(Study material)

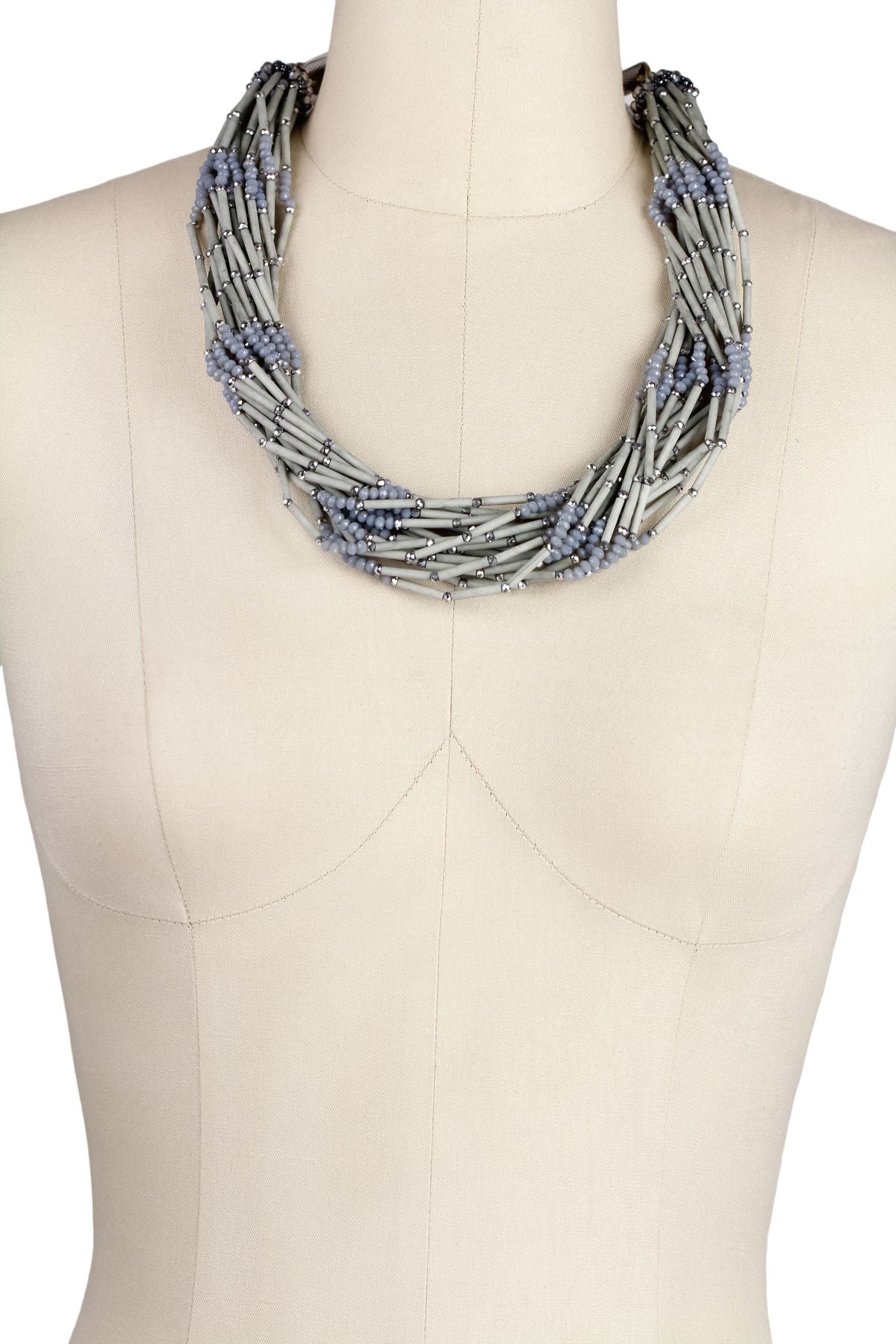 Multi Strand Statement Necklace - Grey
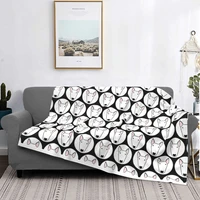 3d full fashion personality bull terrier dog bubble pattern flannel blanket home sofa decoration light bed cover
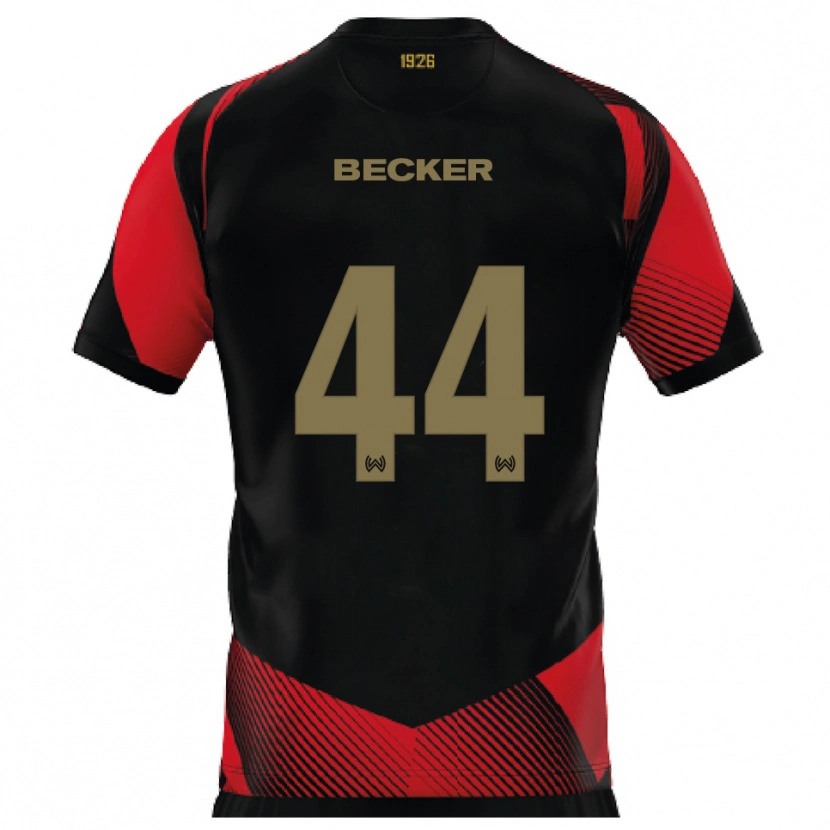 Danxen Damen Jan Becker #44 Schwarz Rot Heimtrikot Trikot 2025/26 T-Shirt Österreich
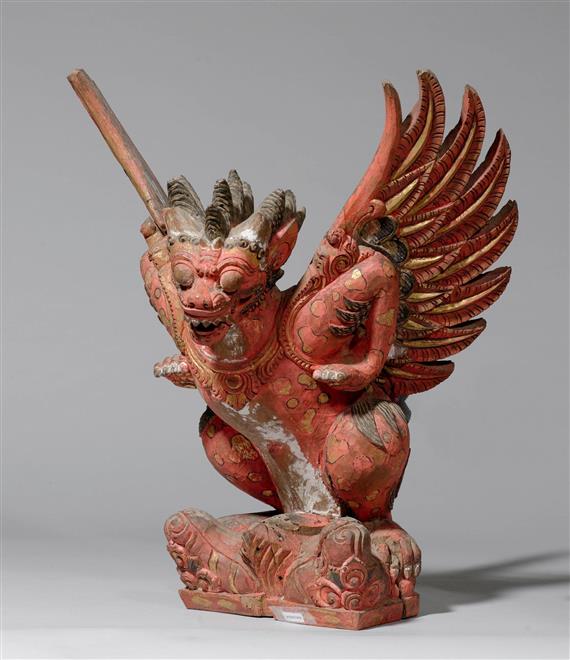 Appraisal: WINGED LION Bali th c H cm Wood painted red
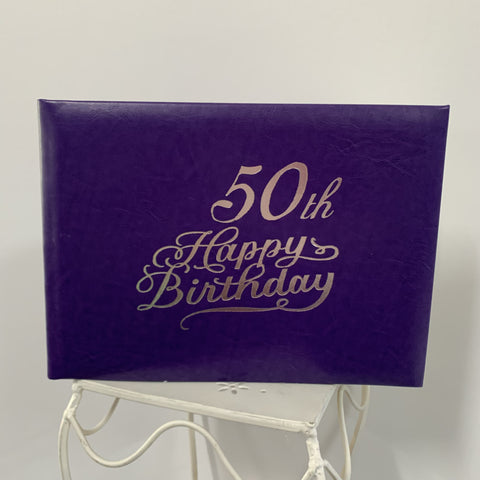 Guest Book 50th Purple/Silver in Box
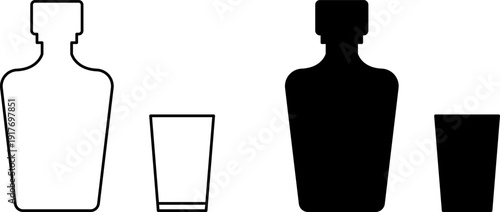 Glass Bottle icons set. Shot glass, tumbler, mug, wine glass, flute and bottle vector black silhouette collection. Drink glasses. Alcoholic cocktails icons set for restaurant, pub, bar logo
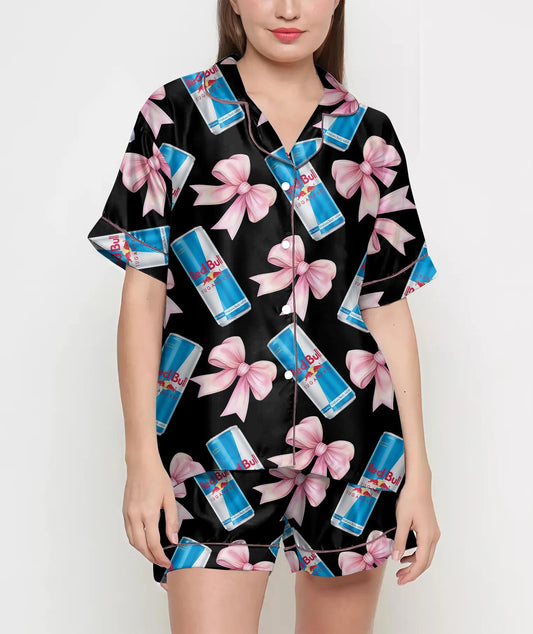 Bull Sugar Free Pink Coquette Bow Pajamas Satin Set, Energy Drink Shirt, Mother Gift, Birthday Gift, Pjs For Women, Bridesmaid Gifts, Party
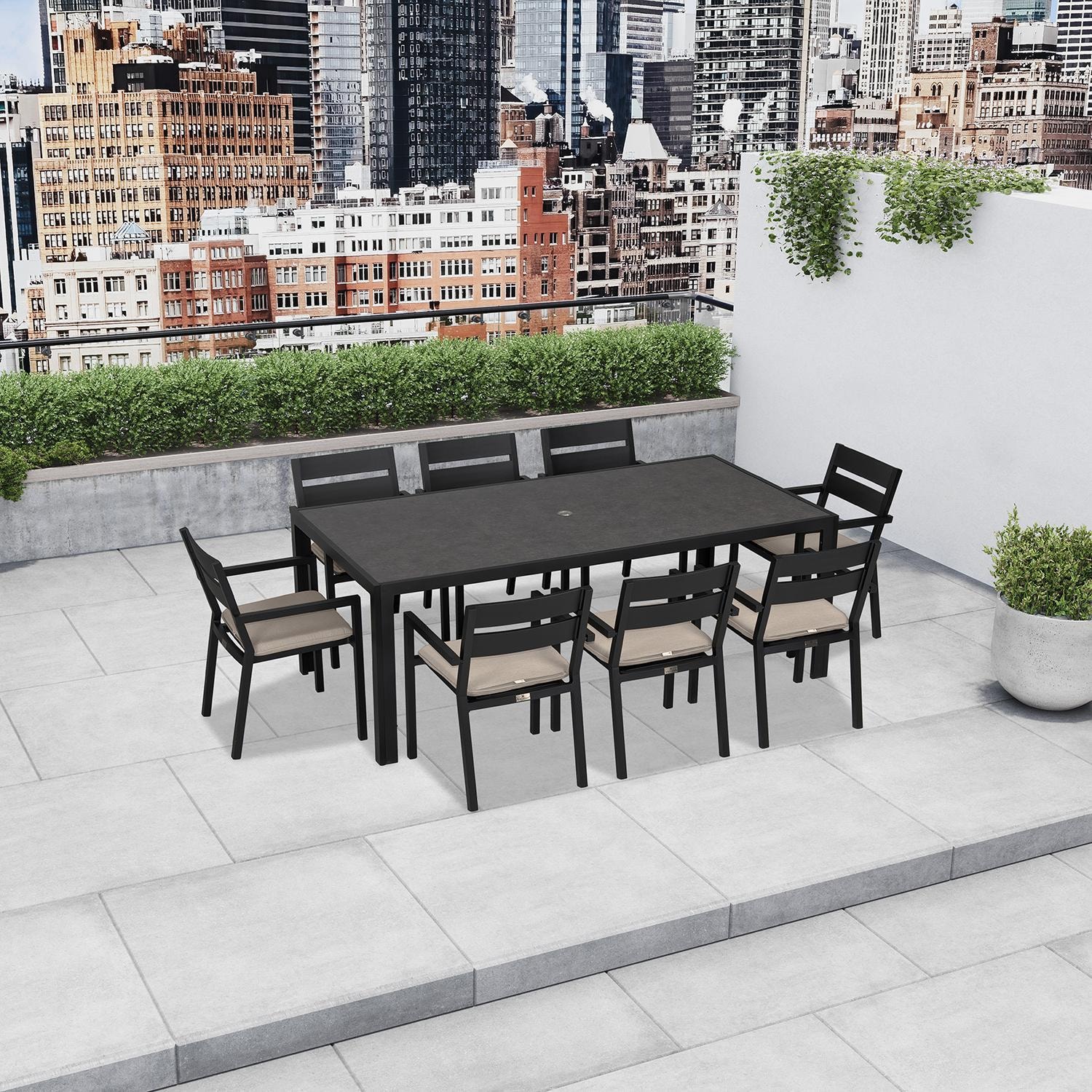 Calm Bay 9 Pc Rectangular Dining Set in Black/Canvas Flax by Lakeview - Lifestyle thumbnail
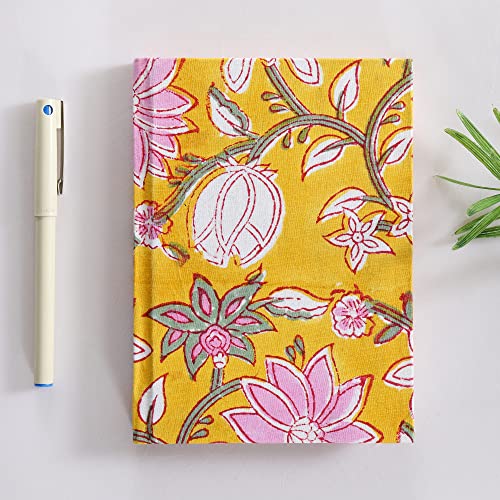 Image of Ravaiyaa - Attitude is everything Hand Block Printed Fabric Journal Handbound Notebook Gifts for Writers Recycled Paper Notebook Diary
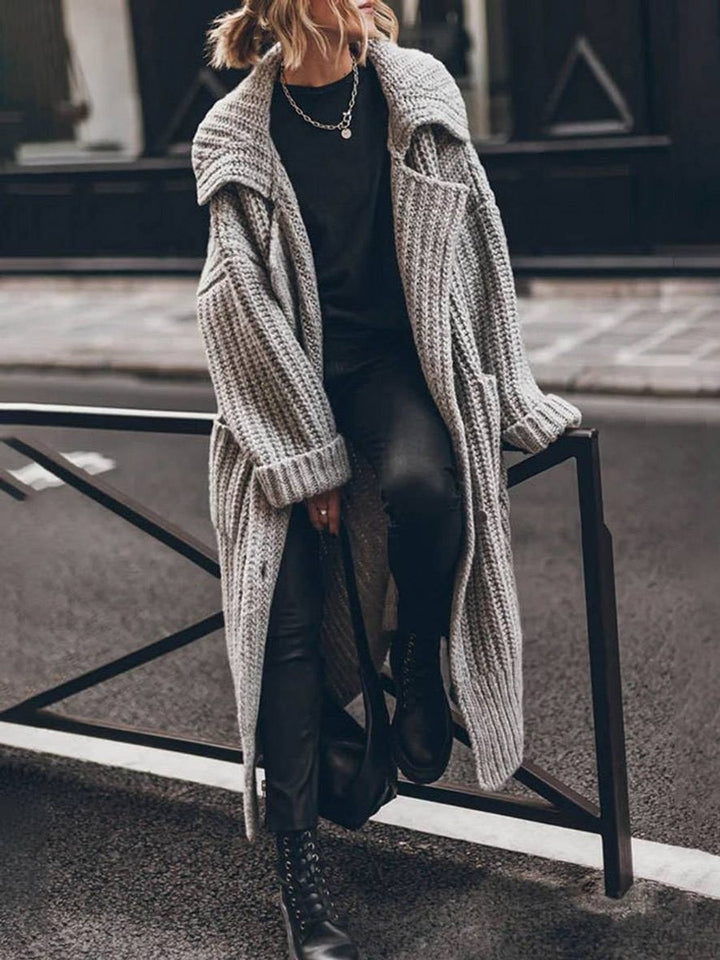 Inês | Casaco de Malha Comprido Mulher Oversize Gola Ampla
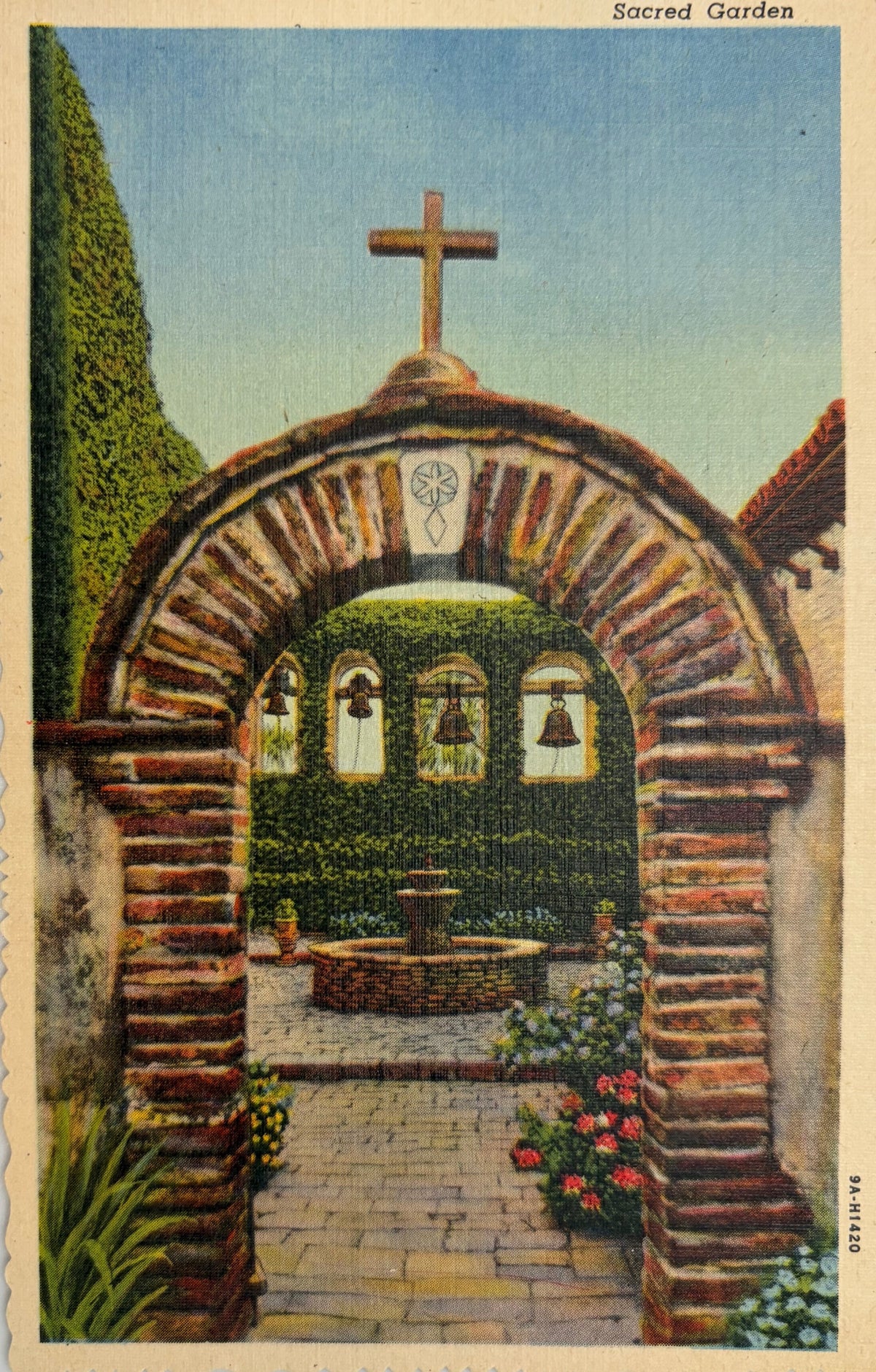 This linen postcard was printed in 1939 with a hand-colored view of the entrance to the San Juan Capistrano gardens.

(End Study material)

▶ _Work task_: Give the lines again exactly, starting where the entries begin and stopping once the line with "Bull Sugar Free" is included; pictures are not copied.

▶ _Output for this exercise_:
 Multi Strand Statement Necklace - Grey
 3d full fashion personality bull terrier dog bubble pattern flannel blanket home sofa decoration light bed cover
 Danxen Damen Jan Becker #44 Schwarz Rot Heimtrikot Trikot 2025/26 T-Shirt Österreich
 Appraisal: WINGED LION Bali th c H cm Wood painted red
 Guest Book 50th Purple/Silver in Box
 Glass Bottle icons set. Shot glass, tumbler, mug, wine glass, flute and bottle vector black silhouette collection. Drink glasses. Alcoholic cocktails icons set for restaurant, pub, bar logo
 Bull Sugar Free Pink Coquette Bow Pajamas Satin Set, Energy Drink Shirt, Mother Gift, Birthday Gift, Pjs For Women, Bridesmaid Gifts, Party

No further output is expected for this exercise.